The salt forms of the above-noted dye molecules that form stable salts may also be used. It should also be understood that the precursors described above are by way of example only and are not intended to be exhaustive of oxidative dyes suitable for use in accordance with the present invention.

Various commercially available oxidation dyes may be used. Some of these dyes include RODOL 4BXN (2-amino-4-hydroxyethylaminoanisole sulfate); RODOL 2A3PYR (2-amino-3-hydroxypyridine); RODOL 6CP (5-amino-6-chloro-o-cresol); RODOL RED BN (4-hydroxypropylamino-3-nitrophenol); RODOL PAOX (2-methyl-5-hydroxyethyl aminophenol); RODOL HDAP (4,5 diamino-1-(2-hydroxyethyl)pyrazole sulfate); RODOL 6AMC (6-amino-m-cresol); RODOL P BASE (p-aminophenol cosmetic grade); RODOL EG (m-aminophenol); RODOL 2G (o-aminophenol); RODOL BLFX (2,5 diamine toluene sulfate); RODOL ERN (1-Naphthol); RODOL RS TECH (resorcinol); RODOL D (p-phenylenediamine); HC YELLOW 4; HC YELLOW 5; HC BLUE 2 CP; RODOL BROWN 2R (2-nitro-p-phenylenediamine); RODOL 4A3NP (4-amino-3-nitrophenol); RODOL BROWN SO (2-chloro-p-phenylenediamine sulfate); RODOL CRS (4-Chlororesorcinol); RODOL 2MR (2-methylresorcinol high purity); RODOL GRAY BS (n-phenyl-p-phenylenediamine sulfate); RODOL PMP (1-phenyl-3-methyl-5-pyrazolone); RODOL PAOC (4-amino-2-hydroxytoluene); RODOL 3M4AP (4-amino-m-cresol); RODOL GRAY HED (N,N-bis-hydroxyethyl-p-phenylenediamine sulfate); RODOL PS (p-aminophenol sulfate); RODOL EGS (m-aminophenol sulfate); RODOL DS (p-phenylenediamine sulfate); RODOL MPDS (m-phenylenediamine sulfate); RODOL 4JP (4-nitro-o-phenylenediamine); RODOL 9R BASE (2-amino-6-chloro-4-nitrophenol); RODOL PM (p-methylaminophenol sulfate); RODOL 2,4-DAPE (2,4 diaminophenoxyethanol dihydrochloride); JAROCOL DPE (H2SO4) (2,4-diaminophenoxyethanol sulfate); and any combination thereof. In particular, suitable combinations of a base, a precursor and a colorant are selected.

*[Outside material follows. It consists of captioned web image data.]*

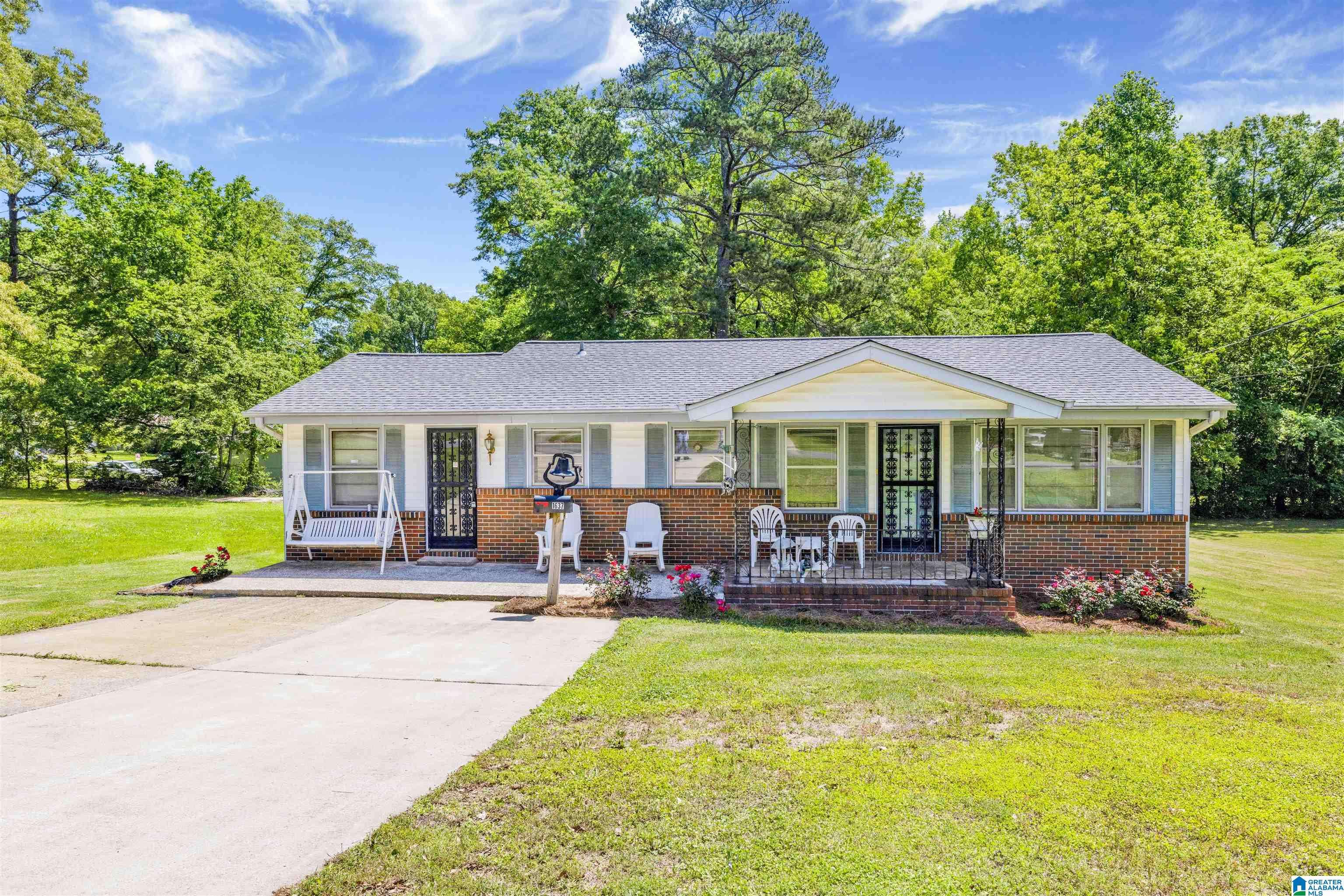 1637 1ST STREET NE, Center Point, AL 35215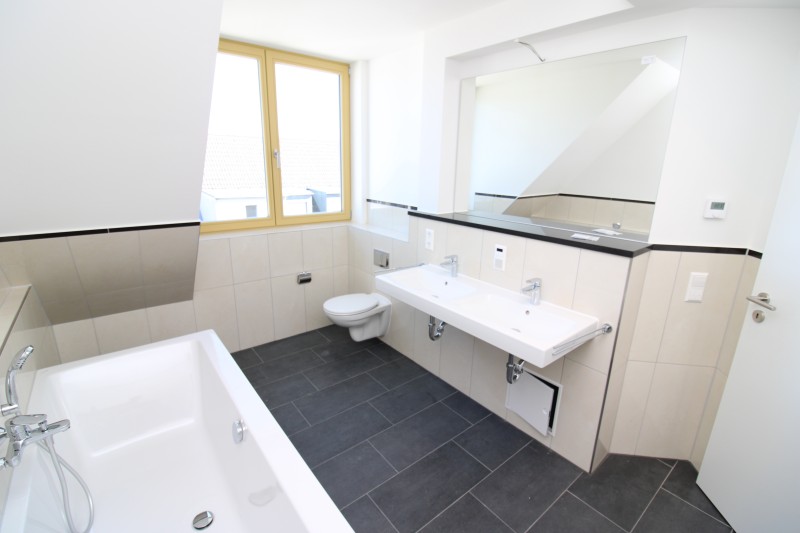 Erstbezug im Neubau: Exklusive Dachgeschosswohnung mit Loggia, Fußbodenheizung und Parkett! - Foto 1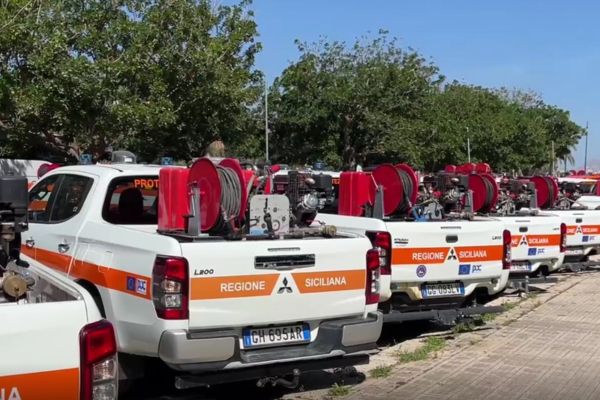 Incendi, la Regione consegna 70 pick-up ai volontari della Protezione civile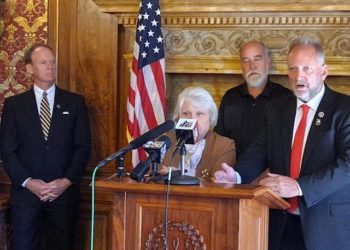 BREAKING: Wisconsin-Kandidaten für das Büro fordern die Dezertifizierung der Wahl 2020 aufgrund eines Missstands bei der Wahl aufgrund der Verwendung verfassungswidriger Briefkästen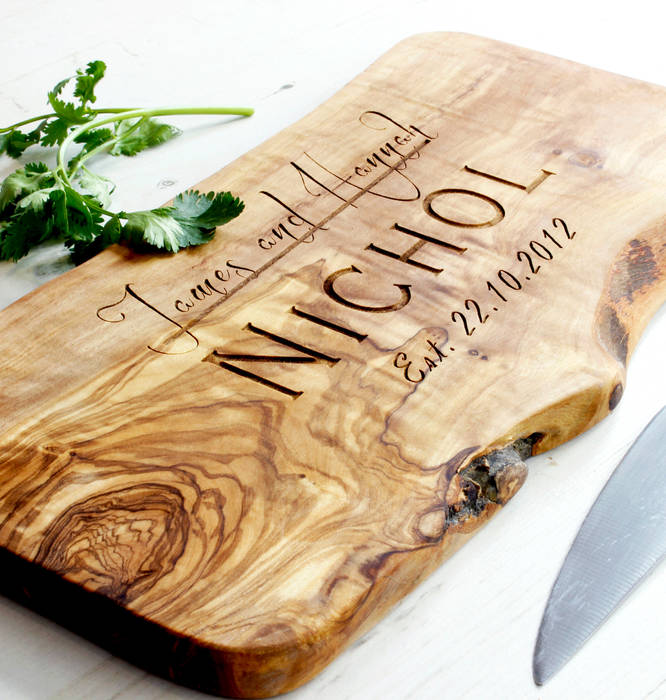 Personalised Rustic Wooden Chopping / Cheese Board - in 4 Sizes, The Rustic Dish The Rustic Dish ห้องครัว เครื่องใช้ในครัว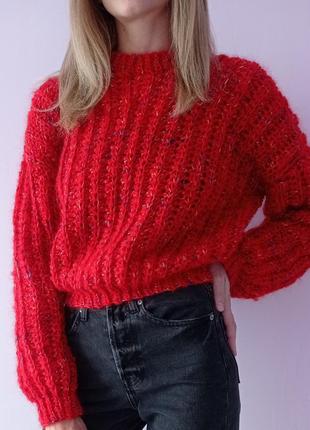 В'язаний светр. светр ручної роботи. червоний в'язаний светр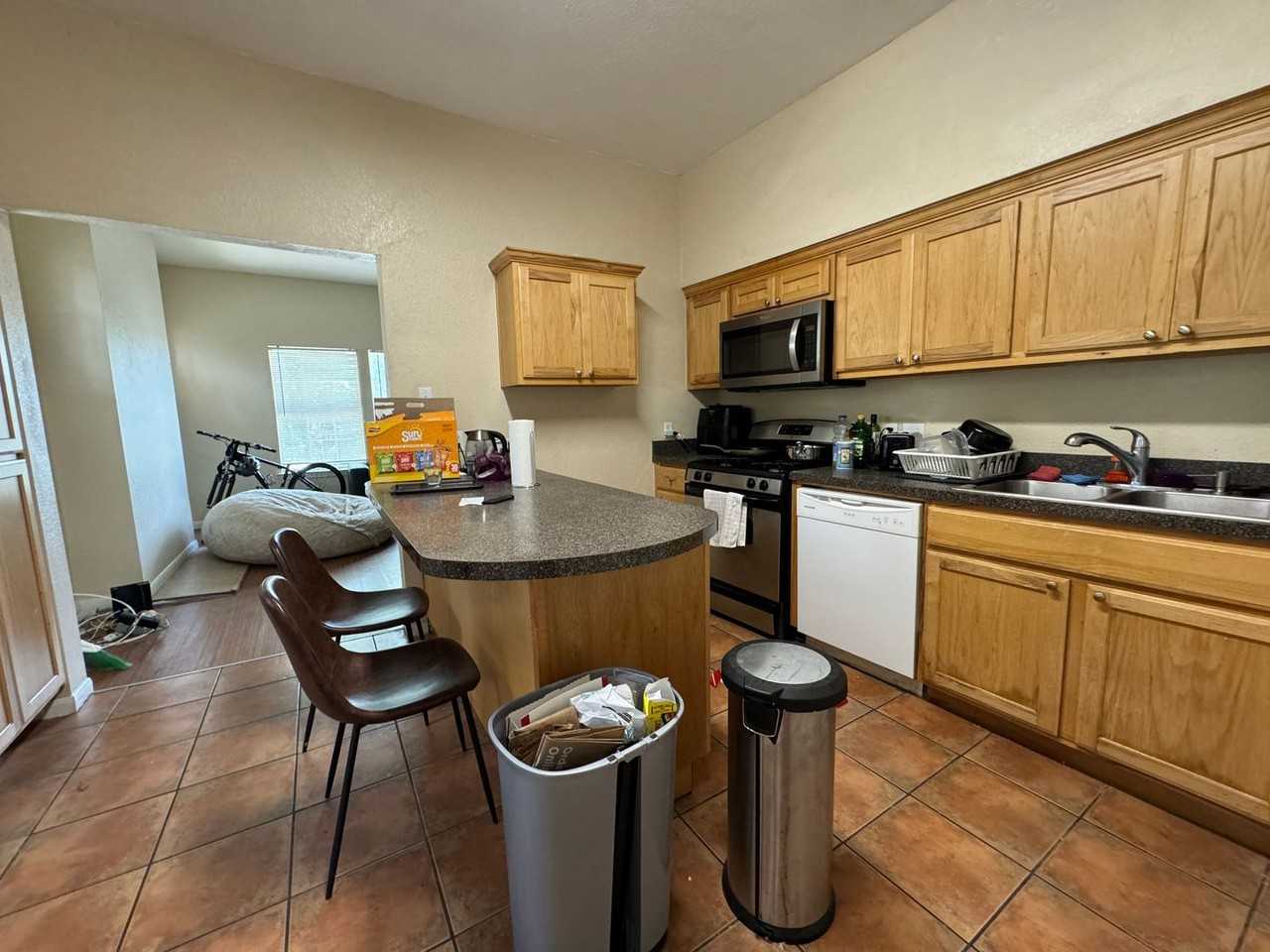 3410 Speedway - Photo 6 of 26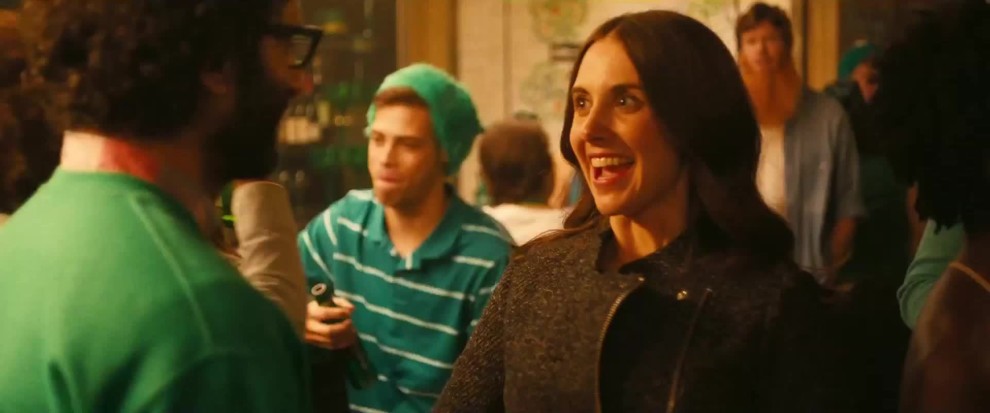 Alison Brie's St Paddy's Day Plot - How to Be Single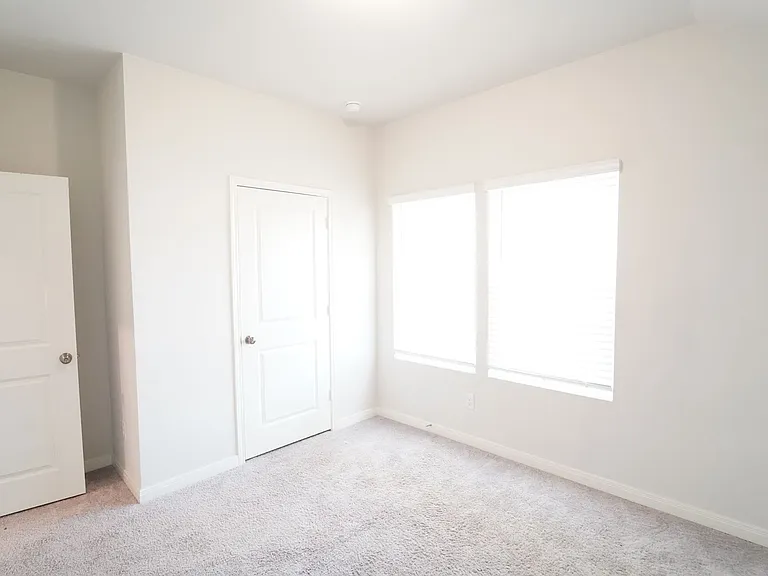 501 Jameson — Photo 12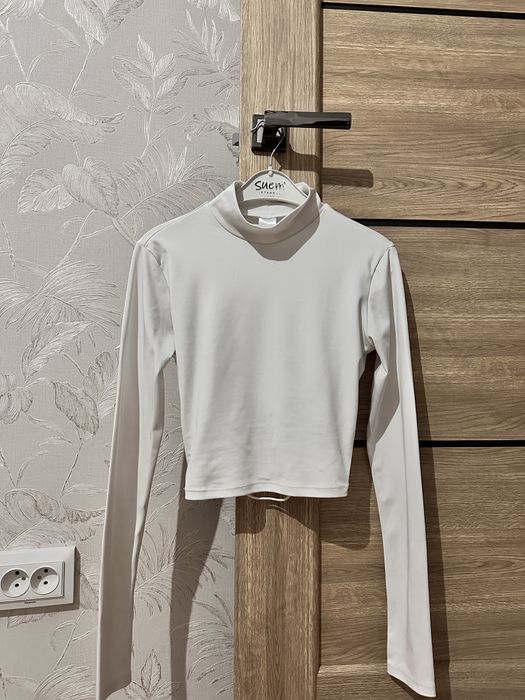 продам  белую кофточку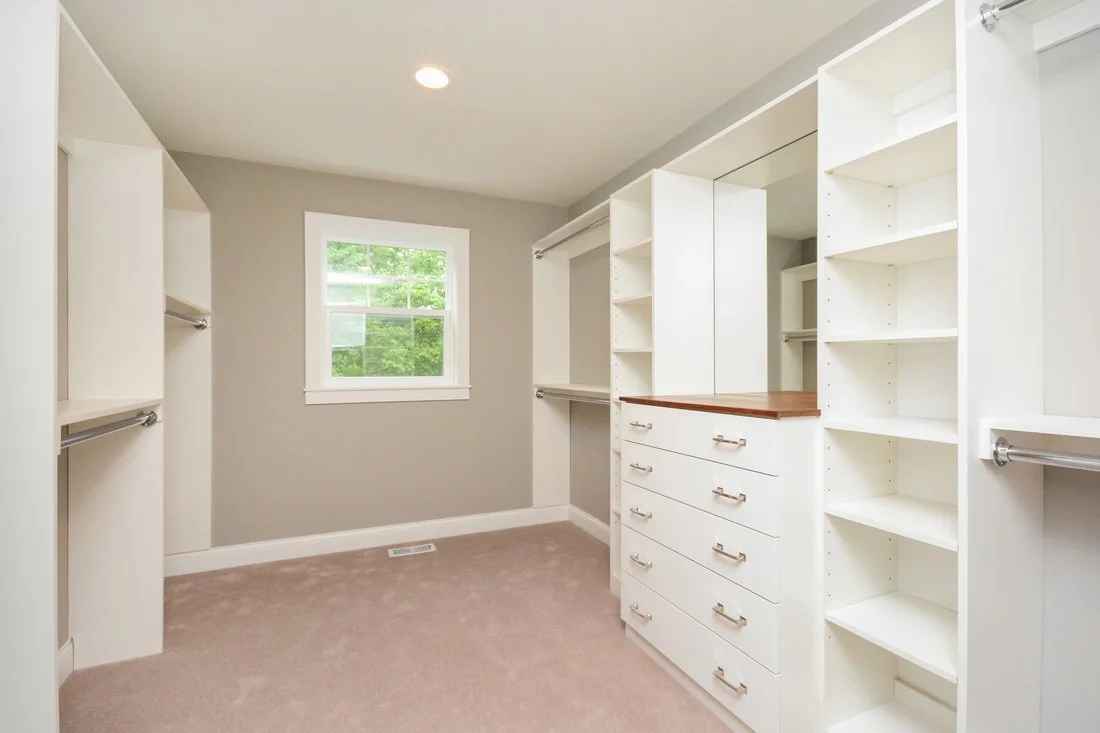 3113 closet.jpg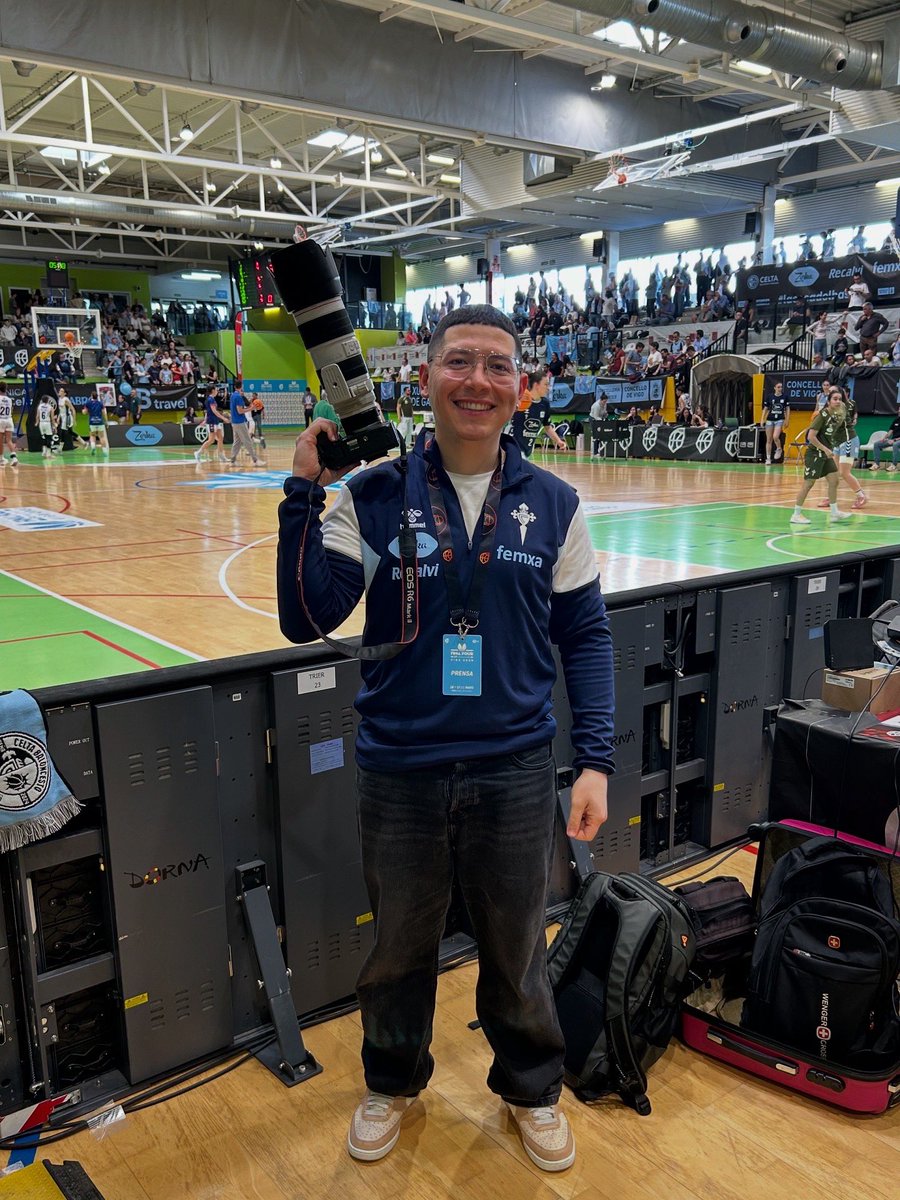 FredoCorleone_'s tweet photo. 30/04/2023 - 17/05/2026 🥹🏀📸

De un lado un Frederick recién llegado a Vigo y yendo por 1º vez a hacer fotos en un partido de basket.

Por otro lado, un Frederick a punto de vivir su segunda final de ascenso. Esta vez como fotógrafo del @Celtabaloncesto.

Gracias Dios. 🙏🏻 https://t.co/M3W8dY6uma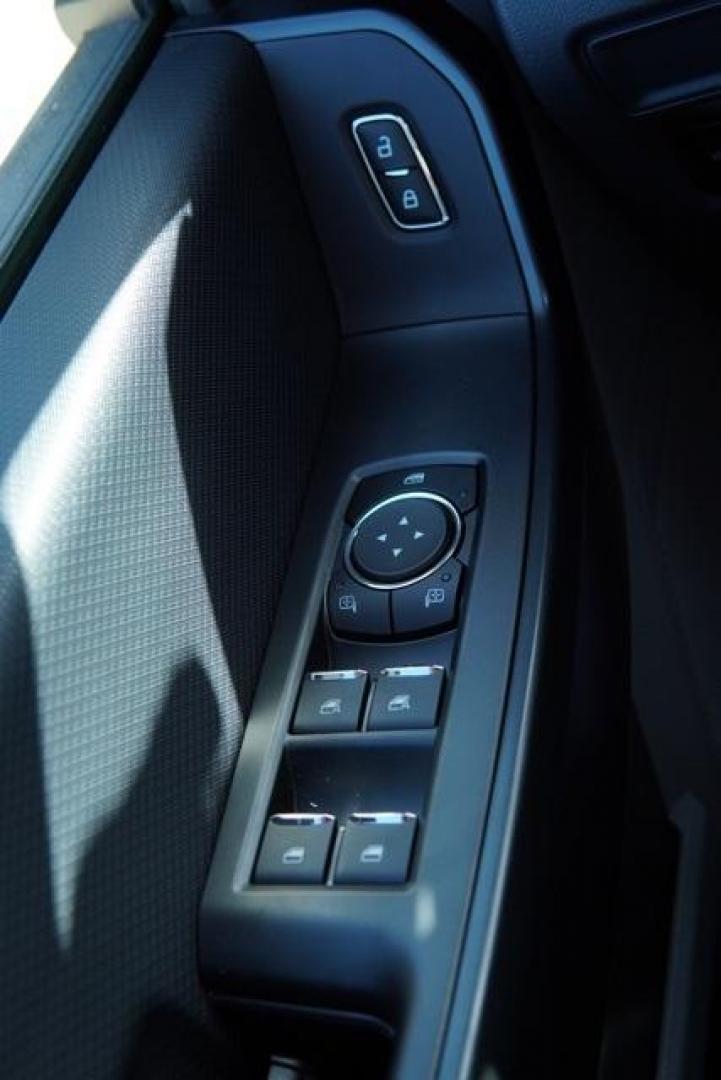 2025 Oxford White /Dark Slate Vinal Ford F-150 XL (1FTEW1KP7SK) with an 2.7L V6 EcoBoost engine, Automatic transmission, located at 1105 E Mulberry, Kaufman, TX, 75142, (972) 962-2151, 32.589550, -96.300926 - Photo#9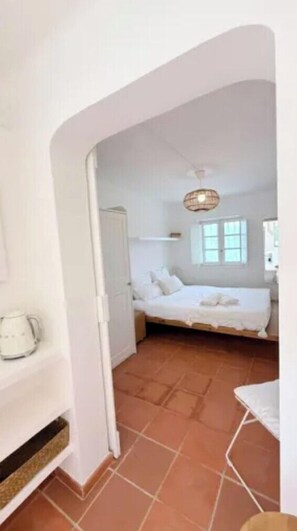 2 bedrooms, travel cot, WiFi, bed sheets - Casa Branca – private, air-conditioned, family accommodation with a 6000 m² (Sesimbra)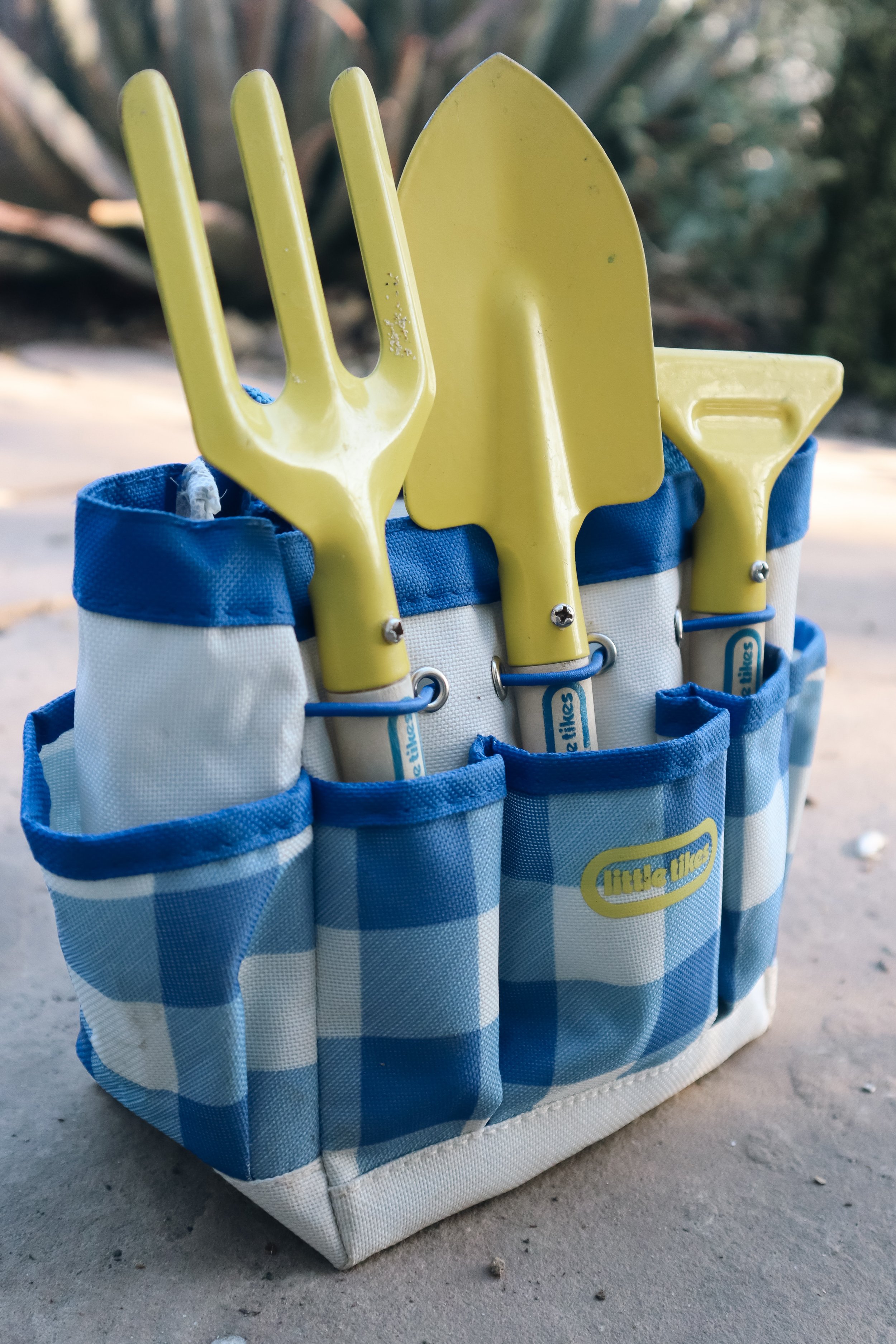 3 Helpful Storage Ideas for a Highly-Organized Outdoor Space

To prevent premature oxidation, it is typical for the dye composition to further comprise one or more antioxidants. Examples of antioxidants that can be used in accordance with the present invention include erythorbic acid and sodium sulfite.

The carrier component comprises water, and, optionally, one or more cosmetically acceptable solvents or diluents, for example the cosmetically acceptable alcohols and ethers, provided that such solvents and diluents are miscible with water and do not undesirably react with the other materials present in the developer component.

Preferably, the air oxidation dye composition in accordance with the present invention comprises one or more surfactants. Surfactants aid in the uniform distribution of the colorant composition on the hair surface and assist the user in rinsing the colorant composition from the hair subsequent to treatment. Various types of surfactants can be used.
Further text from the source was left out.